» **WHAT YOU NEED TO DO**: Repeat exactly the lines below that lie between the line with "A living room" and the line with "dumping the brine", counting both of those lines as part of the answer.

━━ RECORD EXTRACTS

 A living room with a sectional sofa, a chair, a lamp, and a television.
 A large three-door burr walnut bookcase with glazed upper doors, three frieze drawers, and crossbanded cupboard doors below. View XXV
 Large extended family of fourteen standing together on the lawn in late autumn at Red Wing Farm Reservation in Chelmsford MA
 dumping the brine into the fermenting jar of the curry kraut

━━━━
━━ RECORD EXTRACTS

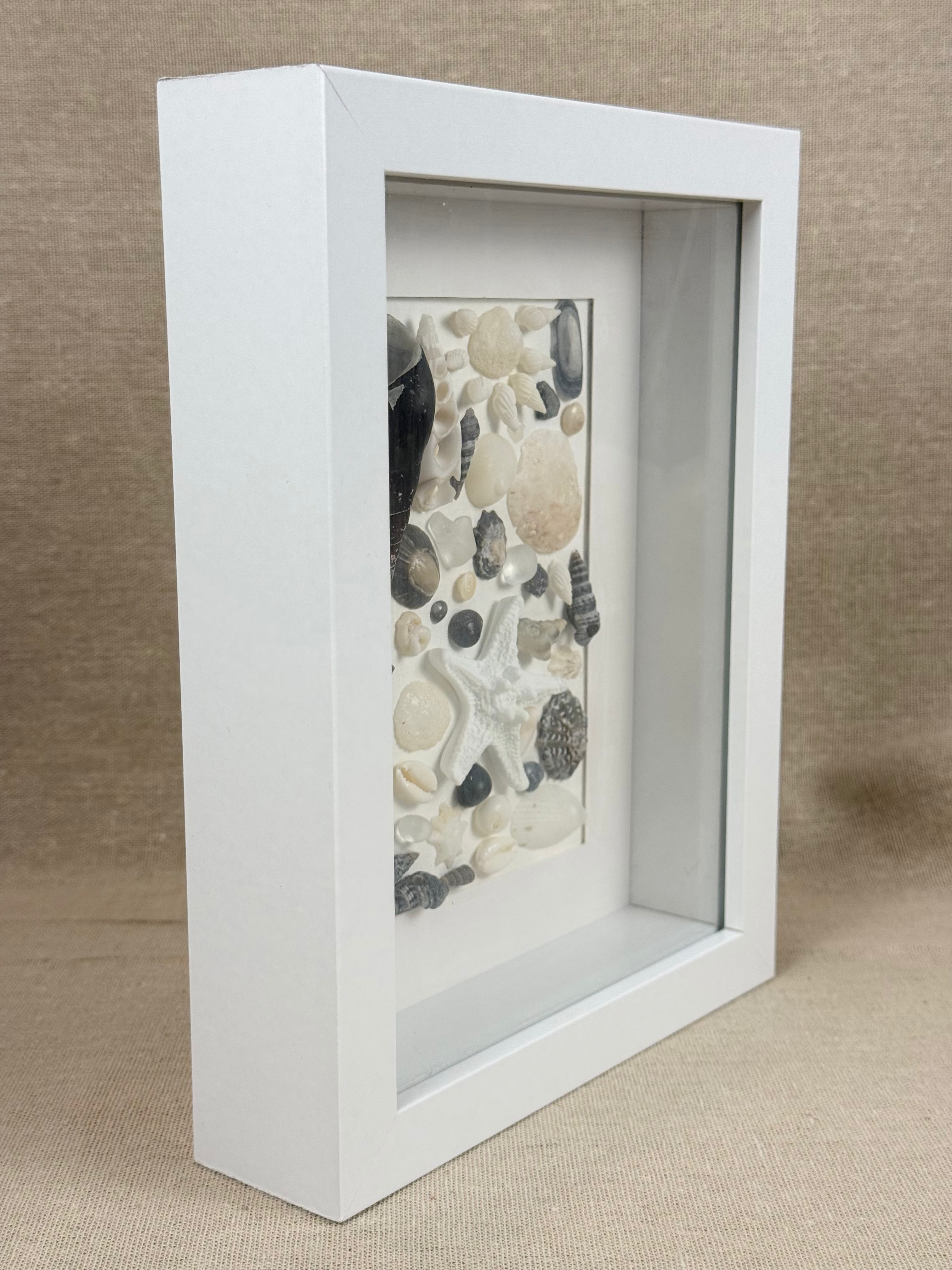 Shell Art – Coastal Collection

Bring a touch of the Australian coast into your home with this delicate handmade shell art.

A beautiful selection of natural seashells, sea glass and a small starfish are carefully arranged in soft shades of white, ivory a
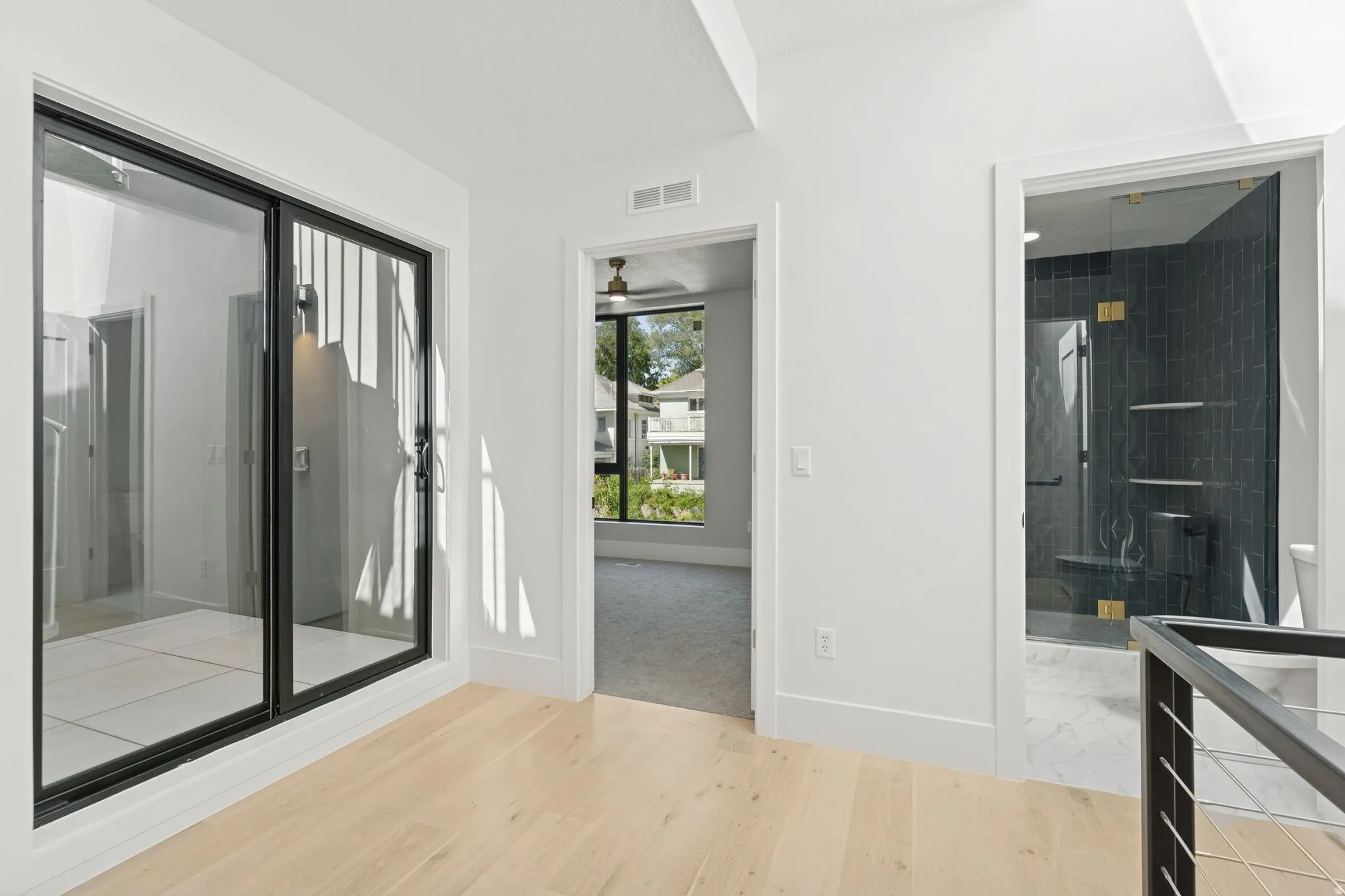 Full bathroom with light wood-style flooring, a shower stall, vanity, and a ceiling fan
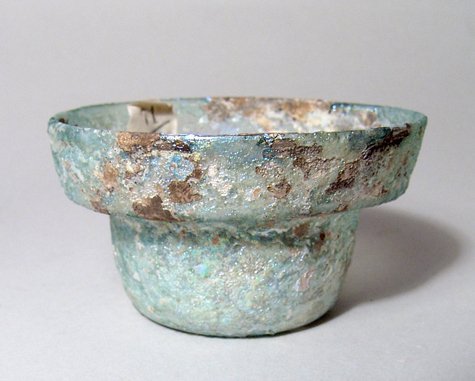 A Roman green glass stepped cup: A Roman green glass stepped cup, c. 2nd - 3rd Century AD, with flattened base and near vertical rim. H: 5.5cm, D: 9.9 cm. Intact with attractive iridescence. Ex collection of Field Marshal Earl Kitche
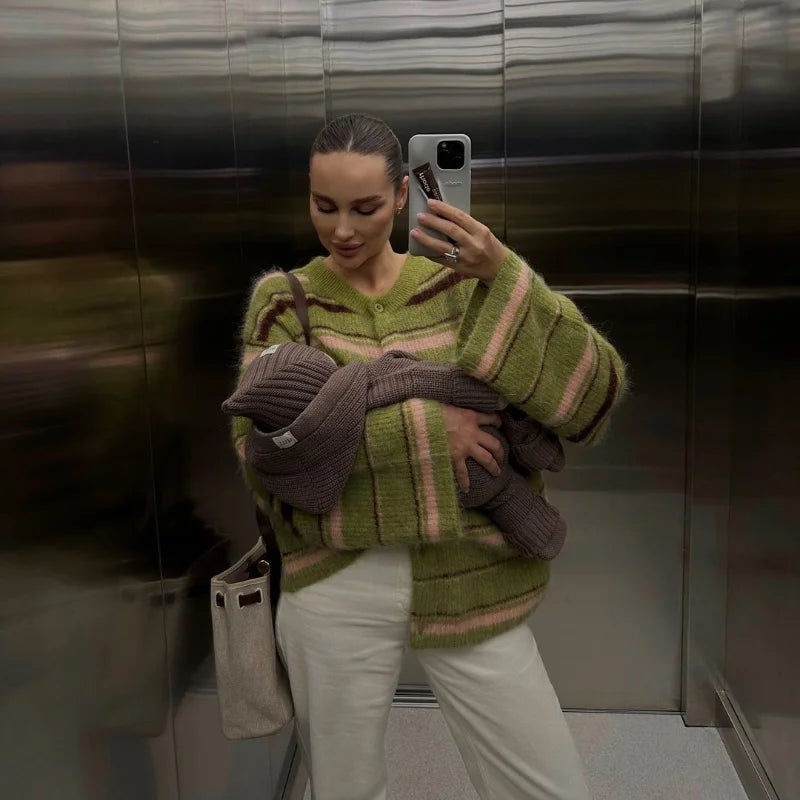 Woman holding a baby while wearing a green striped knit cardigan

━━━━
━━ RECORD EXTRACTS

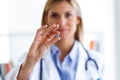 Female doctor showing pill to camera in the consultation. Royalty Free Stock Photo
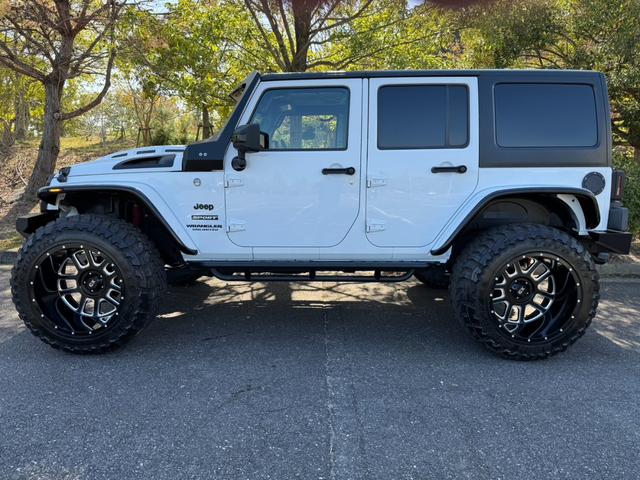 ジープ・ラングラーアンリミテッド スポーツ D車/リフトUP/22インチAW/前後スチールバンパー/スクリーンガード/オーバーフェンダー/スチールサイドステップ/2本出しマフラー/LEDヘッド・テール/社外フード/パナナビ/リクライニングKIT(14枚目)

━━━━

» **ANSWER FOR THIS EXERCISE**:
 A living room with a sectional sofa, a chair, a lamp, and a television.
 A large three-door burr walnut bookcase with glazed upper doors, three frieze drawers, and crossbanded cupboard doors below. View XXV
 Large extended family of fourteen standing together on the lawn in late autumn at Red Wing Farm Reservation in Chelmsford MA
 dumping the brine into the fermenting jar of the curry kraut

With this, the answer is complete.